[What to do]:
Each entry must be returned exactly. None may be omitted.

─── Material provided

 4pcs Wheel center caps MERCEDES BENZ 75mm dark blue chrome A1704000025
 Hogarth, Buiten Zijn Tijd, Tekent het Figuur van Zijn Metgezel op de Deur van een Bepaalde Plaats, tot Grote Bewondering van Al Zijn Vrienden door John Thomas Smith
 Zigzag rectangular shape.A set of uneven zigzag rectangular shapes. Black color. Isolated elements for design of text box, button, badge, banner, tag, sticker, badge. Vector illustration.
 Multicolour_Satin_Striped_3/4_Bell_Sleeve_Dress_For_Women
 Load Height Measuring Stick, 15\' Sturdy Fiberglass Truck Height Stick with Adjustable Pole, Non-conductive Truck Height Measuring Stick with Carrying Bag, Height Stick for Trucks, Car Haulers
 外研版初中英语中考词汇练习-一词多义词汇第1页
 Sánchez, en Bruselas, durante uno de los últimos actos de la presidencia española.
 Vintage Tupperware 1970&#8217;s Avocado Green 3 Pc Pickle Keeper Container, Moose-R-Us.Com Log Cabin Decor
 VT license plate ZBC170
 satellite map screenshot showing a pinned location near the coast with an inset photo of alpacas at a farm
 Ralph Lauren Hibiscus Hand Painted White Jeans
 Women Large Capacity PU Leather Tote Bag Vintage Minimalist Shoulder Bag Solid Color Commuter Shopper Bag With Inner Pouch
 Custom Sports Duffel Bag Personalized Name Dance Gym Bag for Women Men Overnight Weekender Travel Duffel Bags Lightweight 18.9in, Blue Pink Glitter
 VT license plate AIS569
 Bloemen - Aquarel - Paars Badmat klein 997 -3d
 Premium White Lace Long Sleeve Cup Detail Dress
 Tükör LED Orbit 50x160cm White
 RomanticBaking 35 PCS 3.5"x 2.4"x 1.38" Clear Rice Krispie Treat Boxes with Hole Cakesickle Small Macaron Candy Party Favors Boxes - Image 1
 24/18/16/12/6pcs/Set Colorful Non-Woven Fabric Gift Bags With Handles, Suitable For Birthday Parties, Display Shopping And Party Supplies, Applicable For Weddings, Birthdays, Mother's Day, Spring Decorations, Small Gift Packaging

──────

[Exercise answer]:
 4pcs Wheel center caps MERCEDES BENZ 75mm dark blue chrome A1704000025
 Hogarth, Buiten Zijn Tijd, Tekent het Figuur van Zijn Metgezel op de Deur van een Bepaalde Plaats, tot Grote Bewondering van Al Zijn Vrienden door John Thomas Smith
 Zigzag rectangular shape.A set of uneven zigzag rectangular shapes. Black color. Isolated elements for design of text box, button, badge, banner, tag, sticker, badge. Vector illustration.
 Multicolour_Satin_Striped_3/4_Bell_Sleeve_Dress_For_Women
 Load Height Measuring Stick, 15\' Sturdy Fiberglass Truck Height Stick with Adjustable Pole, Non-conductive Truck Height Measuring Stick with Carrying Bag, Height Stick for Trucks, Car Haulers
 外研版初中英语中考词汇练习-一词多义词汇第1页
 Sánchez, en Bruselas, durante uno de los últimos actos de la presidencia española.
 Vintage Tupperware 1970&#8217;s Avocado Green 3 Pc Pickle Keeper Container, Moose-R-Us.Com Log Cabin Decor
 VT license plate ZBC170
 satellite map screenshot showing a pinned location near the coast with an inset photo of alpacas at a farm
 Ralph Lauren Hibiscus Hand Painted White Jeans
 Women Large Capacity PU Leather Tote Bag Vintage Minimalist Shoulder Bag Solid Color Commuter Shopper Bag With Inner Pouch
 Custom Sports Duffel Bag Personalized Name Dance Gym Bag for Women Men Overnight Weekender Travel Duffel Bags Lightweight 18.9in, Blue Pink Glitter
 VT license plate AIS569
 Bloemen - Aquarel - Paars Badmat klein 997 -3d
 Premium White Lace Long Sleeve Cup Detail Dress
 Tükör LED Orbit 50x160cm White
 RomanticBaking 35 PCS 3.5"x 2.4"x 1.38" Clear Rice Krispie Treat Boxes with Hole Cakesickle Small Macaron Candy Party Favors Boxes - Image 1
 24/18/16/12/6pcs/Set Colorful Non-Woven Fabric Gift Bags With Handles, Suitable For Birthday Parties, Display Shopping And Party Supplies, Applicable For Weddings, Birthdays, Mother's Day, Spring Decorations, Small Gift Packaging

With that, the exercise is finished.